*** Opening Supplied records ***

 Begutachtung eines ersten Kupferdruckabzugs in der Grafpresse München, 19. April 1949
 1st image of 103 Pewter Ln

*** Closing Supplied records ***
*** Opening Supplied records ***

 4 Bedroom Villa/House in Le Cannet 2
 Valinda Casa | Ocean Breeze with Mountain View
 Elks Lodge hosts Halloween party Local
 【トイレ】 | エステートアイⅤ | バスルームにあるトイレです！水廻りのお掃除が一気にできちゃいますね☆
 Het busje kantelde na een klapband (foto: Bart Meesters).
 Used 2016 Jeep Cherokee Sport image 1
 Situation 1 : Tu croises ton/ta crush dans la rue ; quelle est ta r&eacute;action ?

*** Closing Supplied records ***

Every line of the listing above that contains "image" is to be copied.

 1st image of 103 Pewter Ln
 Used 2016 Jeep Cherokee Sport image 1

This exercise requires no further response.